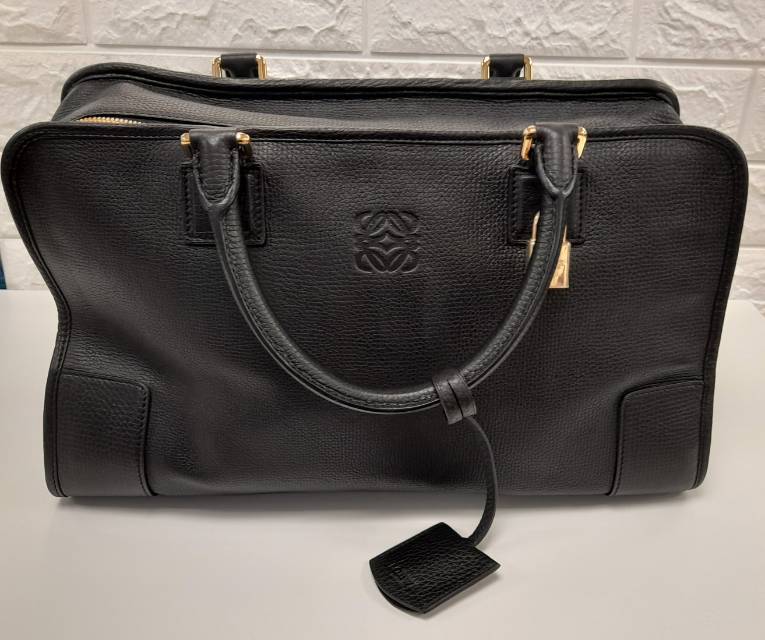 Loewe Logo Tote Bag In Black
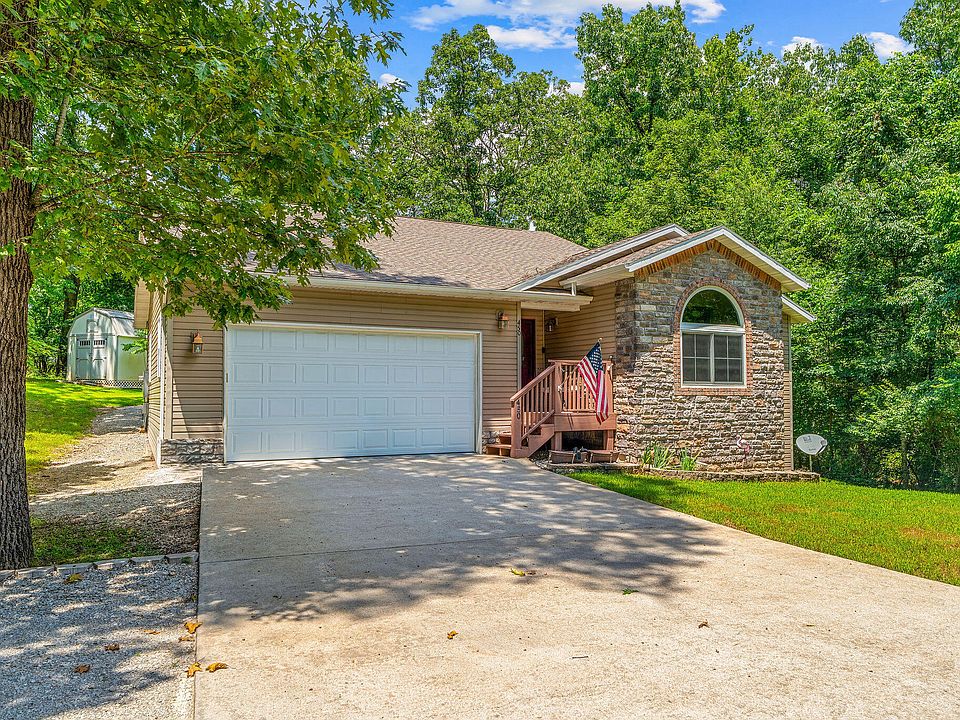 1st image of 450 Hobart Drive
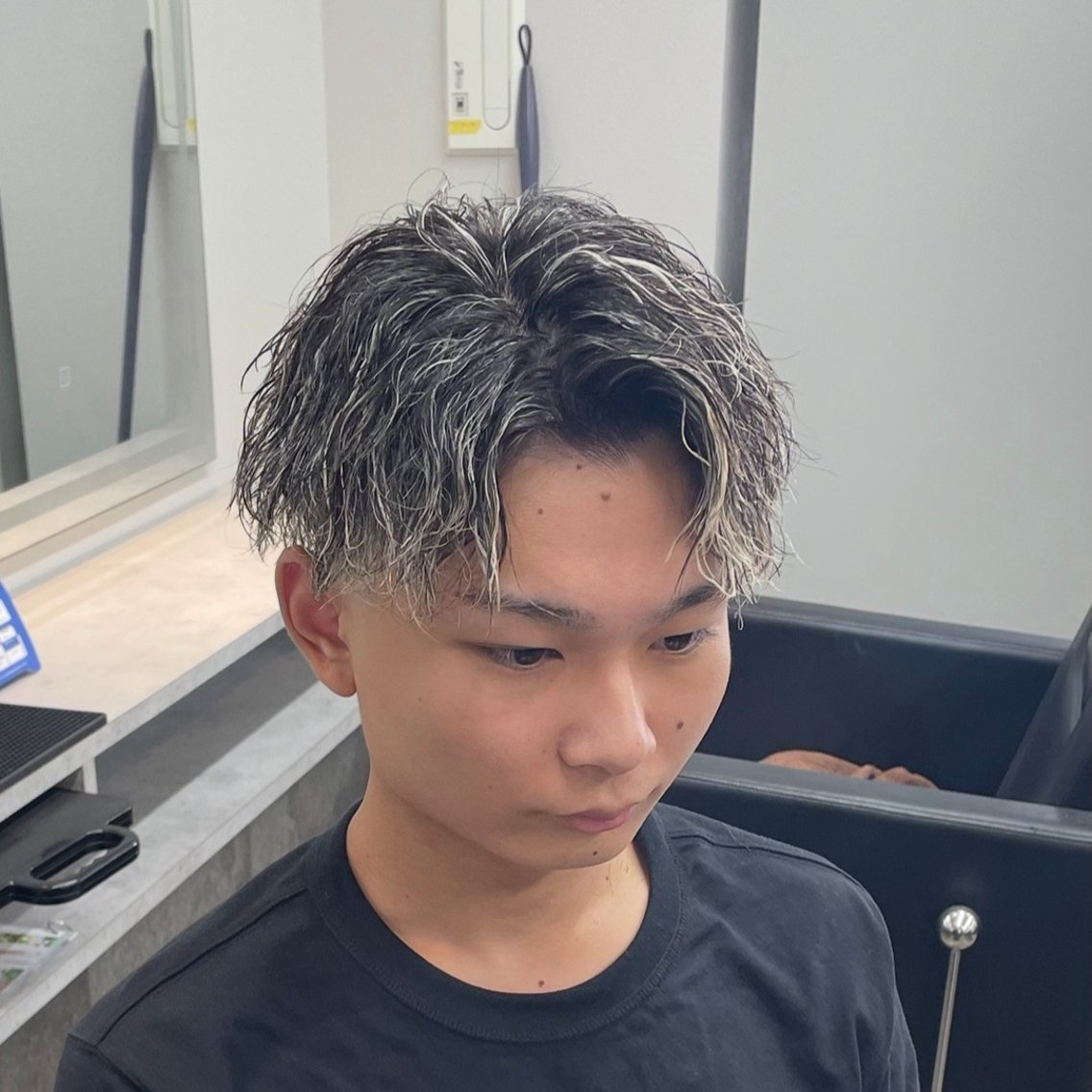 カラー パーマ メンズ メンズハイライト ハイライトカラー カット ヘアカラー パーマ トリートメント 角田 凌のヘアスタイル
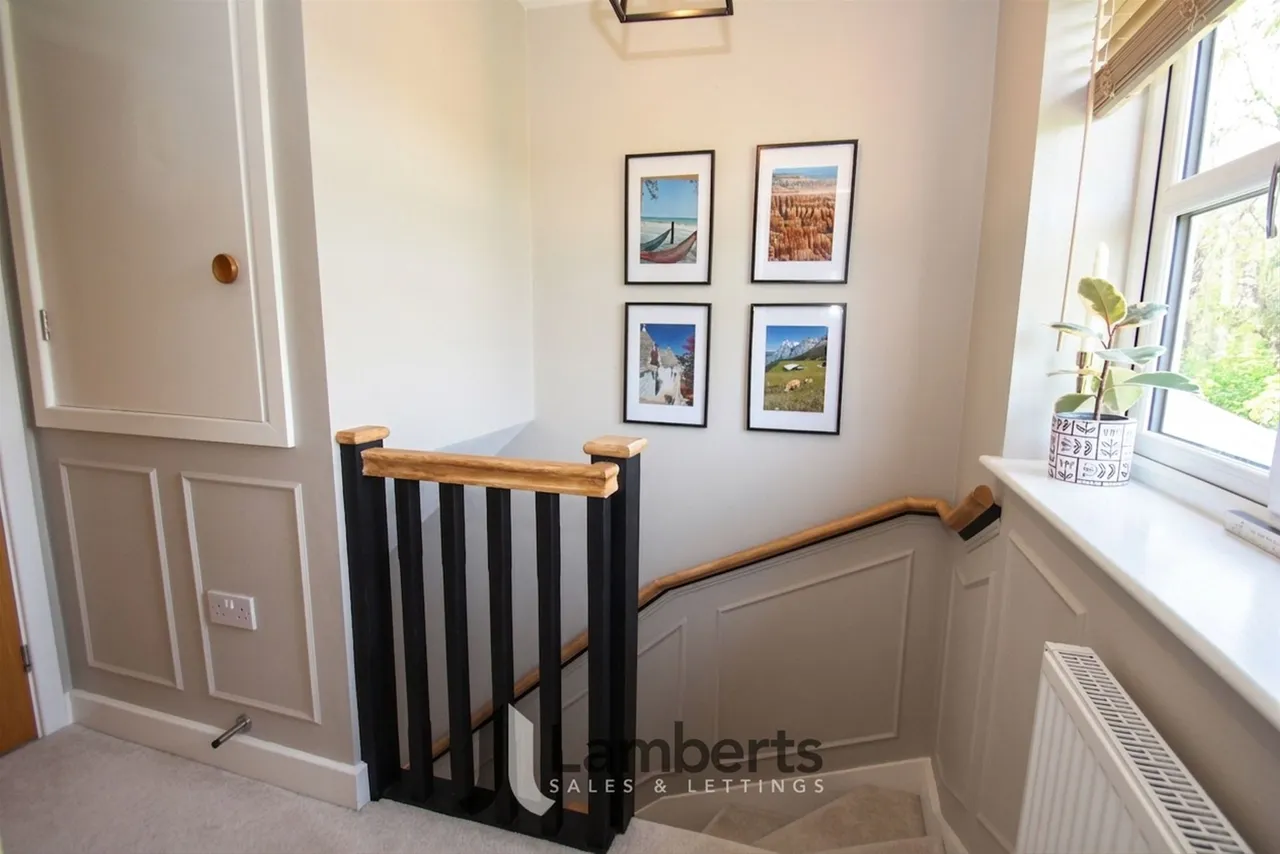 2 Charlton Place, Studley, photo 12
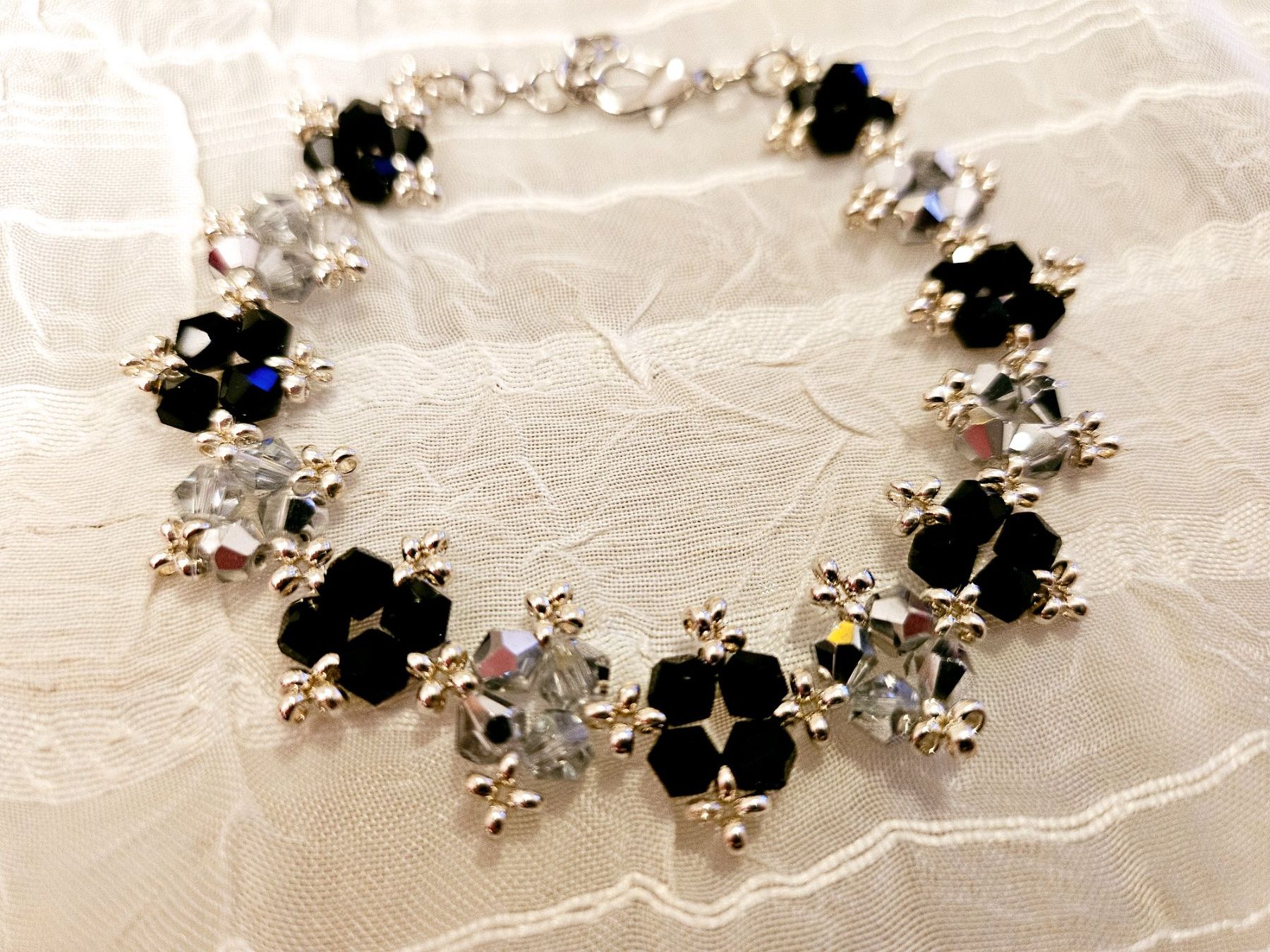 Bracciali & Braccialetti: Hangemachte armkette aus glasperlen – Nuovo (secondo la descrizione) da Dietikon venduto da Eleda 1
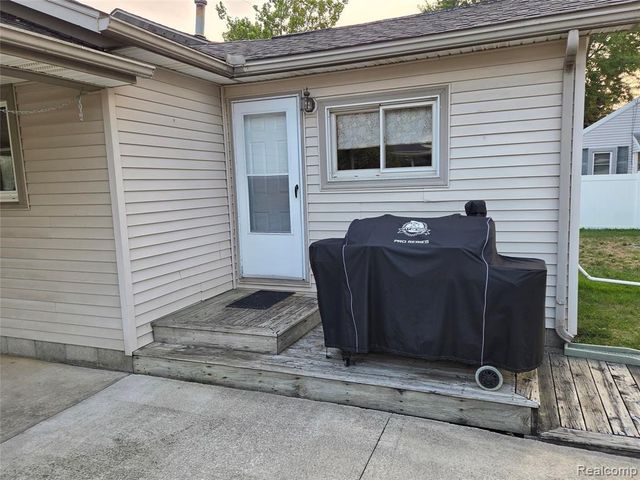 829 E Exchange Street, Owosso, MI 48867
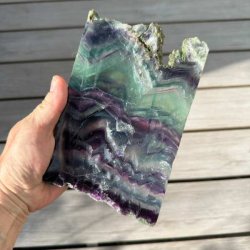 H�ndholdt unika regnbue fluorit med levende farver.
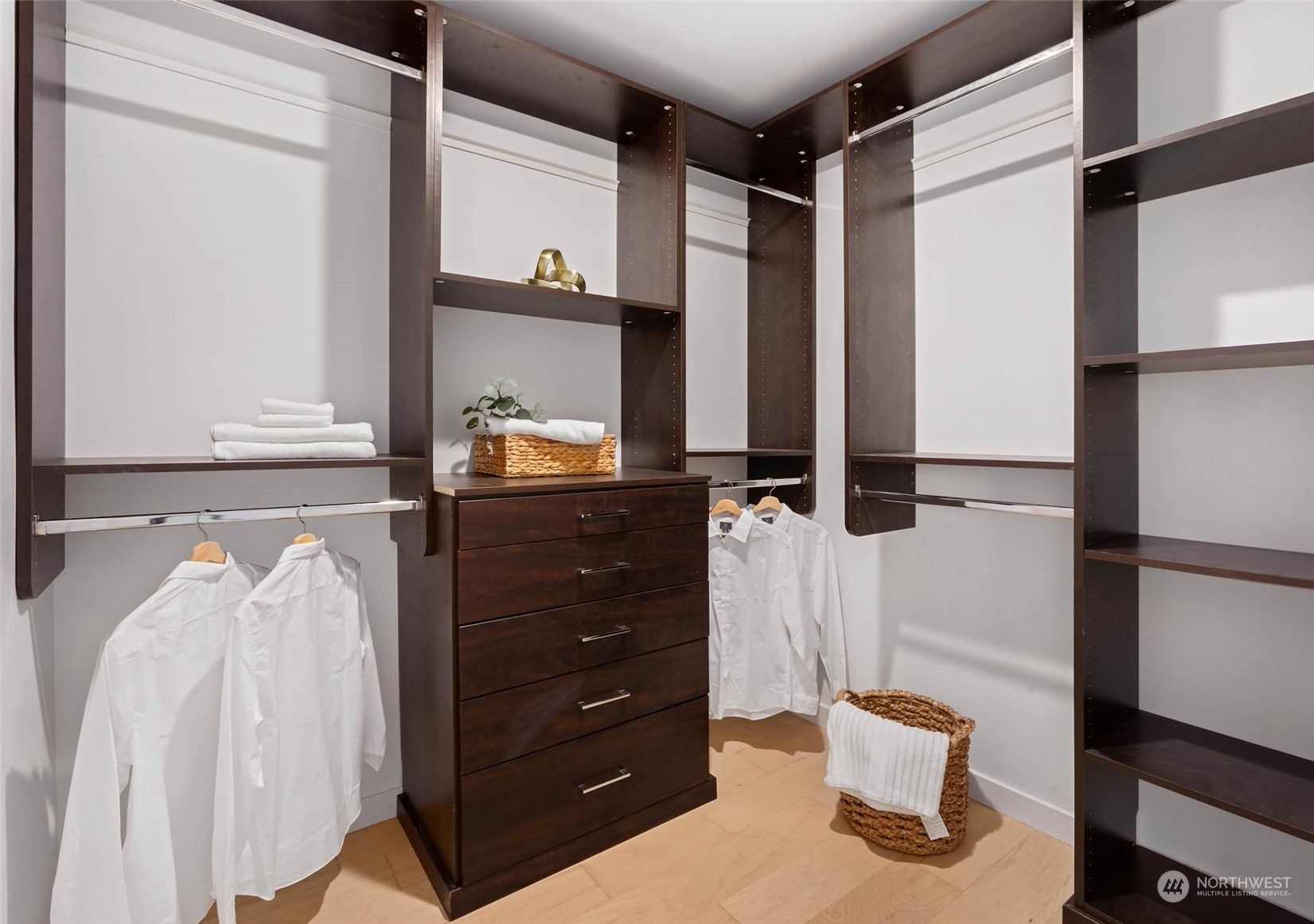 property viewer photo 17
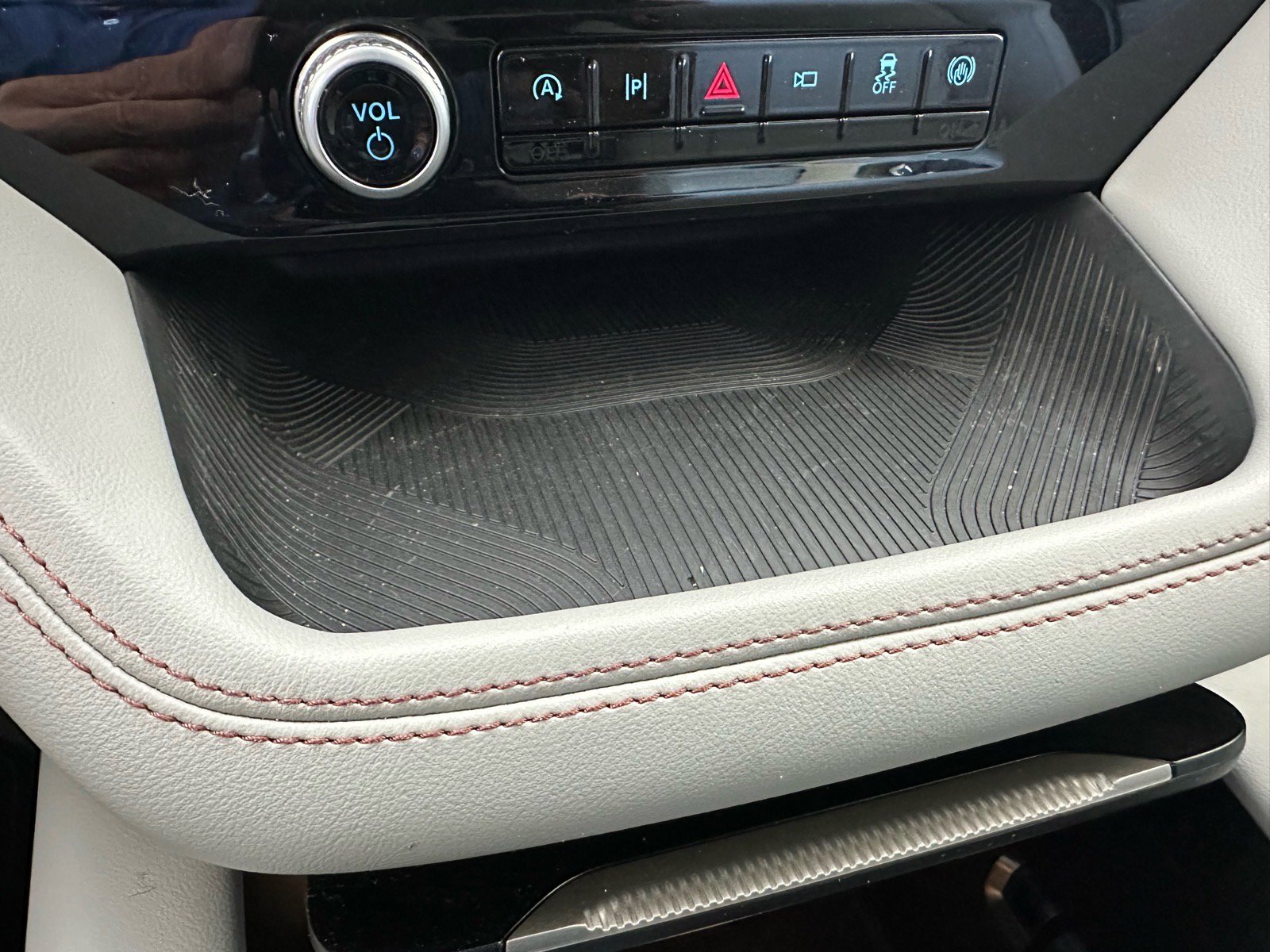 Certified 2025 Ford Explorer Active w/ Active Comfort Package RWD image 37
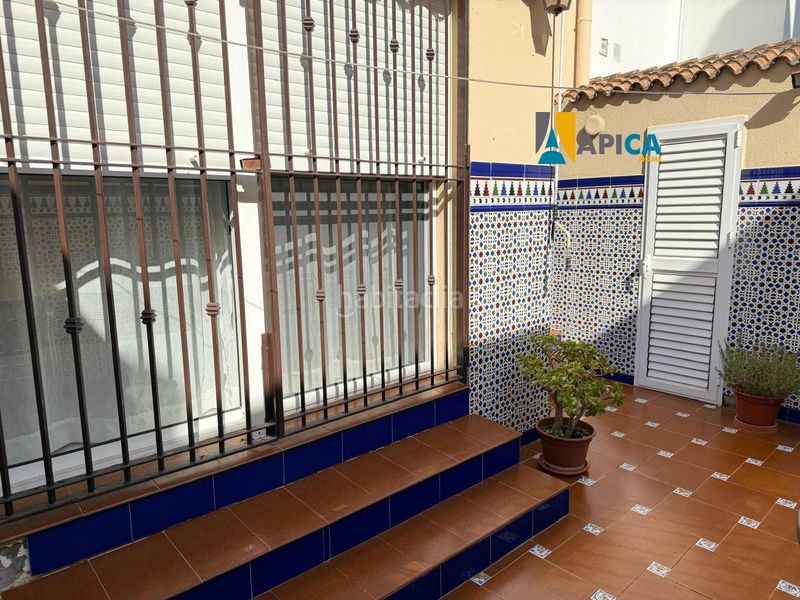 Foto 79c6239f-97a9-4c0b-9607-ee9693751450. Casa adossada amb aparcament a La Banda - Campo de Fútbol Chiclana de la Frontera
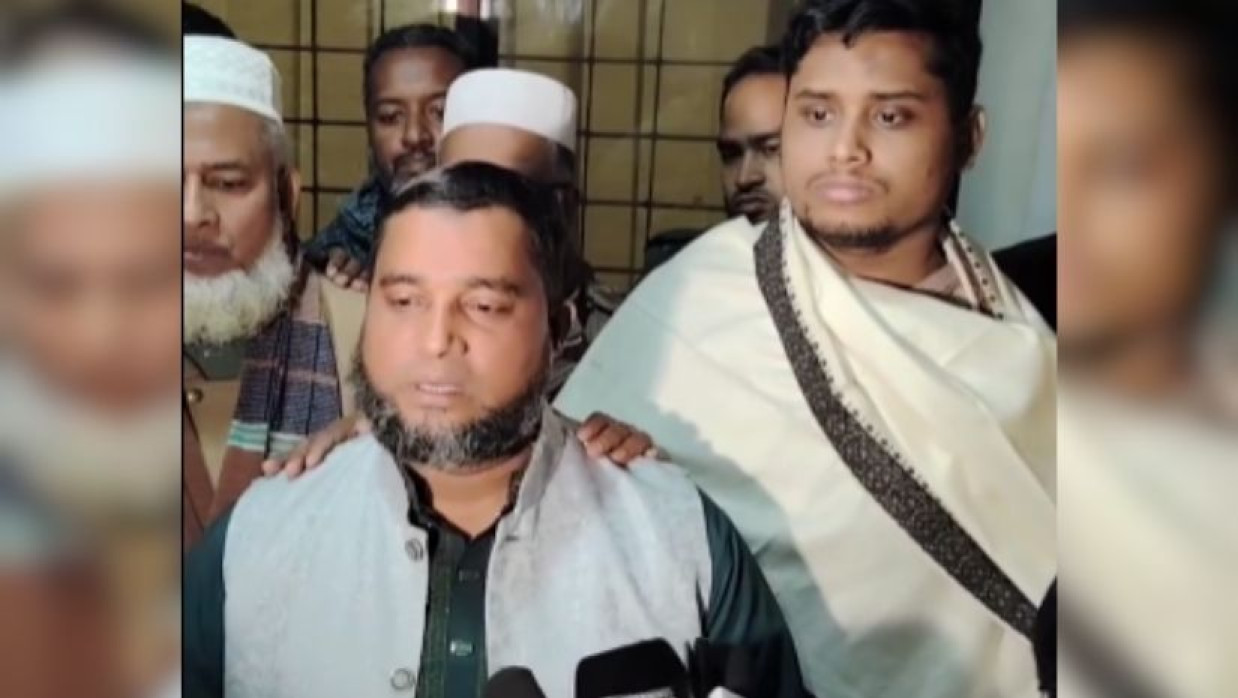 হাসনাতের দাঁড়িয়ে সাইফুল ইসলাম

━━━━━━━━━━━━━━━━━━━━

▸ PROMPT: Reproduce all the data as it stands. The pictures are not part of the copy.

▸ REPLY TO THE TASK:
 Loewe Logo Tote Bag In Black
 1st image of 450 Hobart Drive
 カラー パーマ メンズ メンズハイライト ハイライトカラー カット ヘアカラー パーマ トリートメント 角田 凌のヘアスタイル
 2 Charlton Place, Studley, photo 12
 Bracciali & Braccialetti: Hangemachte armkette aus glasperlen – Nuovo (secondo la descrizione) da Dietikon venduto da Eleda 1
 829 E Exchange Street, Owosso, MI 48867
 H�ndholdt unika regnbue fluorit med levende farver.
 property viewer photo 17
 Certified 2025 Ford Explorer Active w/ Active Comfort Package RWD image 37
 Foto 79c6239f-97a9-4c0b-9607-ee9693751450. Casa adossada amb aparcament a La Banda - Campo de Fútbol Chiclana de la Frontera
 হাসনাতের দাঁড়িয়ে সাইফুল ইসলাম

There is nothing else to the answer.